I have several (prompt, chat history) pairs from running a model in a type of “agent” model, allowing it to perform several actions in succession. I store the entire chat history. For each history, I also score the history based upon the artifacts generated from the run. For example, I may have a prompt that asks the model to conduct some task requiring several steps. At the end of the task, a file is generated that I can check to make sure it matches what is expected. This is how I give a single chat history (many messages w/ tool calls and tool responses) a score.
To be explicit, as an example, consider that I have 100 chat histories, which are about ~15 messages per history. So, I have 100 scores—one for each history.
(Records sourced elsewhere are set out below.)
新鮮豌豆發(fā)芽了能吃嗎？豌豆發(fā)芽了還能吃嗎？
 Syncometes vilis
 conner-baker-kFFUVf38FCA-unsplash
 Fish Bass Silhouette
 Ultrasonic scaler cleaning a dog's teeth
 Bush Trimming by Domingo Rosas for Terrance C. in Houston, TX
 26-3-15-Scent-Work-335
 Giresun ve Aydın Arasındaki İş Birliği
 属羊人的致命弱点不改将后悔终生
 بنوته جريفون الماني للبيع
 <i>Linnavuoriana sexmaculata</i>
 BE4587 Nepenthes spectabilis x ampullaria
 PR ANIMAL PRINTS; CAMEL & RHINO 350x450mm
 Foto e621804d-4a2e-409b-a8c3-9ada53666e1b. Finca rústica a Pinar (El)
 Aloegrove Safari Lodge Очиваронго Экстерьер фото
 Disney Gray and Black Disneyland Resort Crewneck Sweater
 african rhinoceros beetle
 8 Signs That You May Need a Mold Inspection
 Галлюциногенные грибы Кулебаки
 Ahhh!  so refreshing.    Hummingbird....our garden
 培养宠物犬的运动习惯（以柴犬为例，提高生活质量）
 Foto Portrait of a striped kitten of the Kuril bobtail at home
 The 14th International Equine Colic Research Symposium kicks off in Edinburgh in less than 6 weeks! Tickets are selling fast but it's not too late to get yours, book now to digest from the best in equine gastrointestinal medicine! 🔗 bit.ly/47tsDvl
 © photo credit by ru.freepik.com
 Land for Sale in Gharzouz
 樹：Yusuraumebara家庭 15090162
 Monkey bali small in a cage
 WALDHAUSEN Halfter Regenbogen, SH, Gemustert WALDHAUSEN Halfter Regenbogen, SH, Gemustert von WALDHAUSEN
I have been reading through the fine-tuning docs, especially for DPO and RL, but I cannot seem to understand how to use the API with my data set.
It seems that for DPO, the preferred and rejected responses must be a single message, even though the format accepts an array (e.g. [{“role”: “assistant”, “content”: “Hi”}])
My issue seems to be that instead of a score for a single response, I have a score for a collection of responses (subsequent tool calls and assistant messages).
It seems that for RL, a score is computed per message. But in my case, I only compute a score at the end of several messages.
Is my understanding correct here? It seems that the API does not really support the type of dataset that I have. What is the protocol for training on this type of dataset? Should I be using a different api/sdk?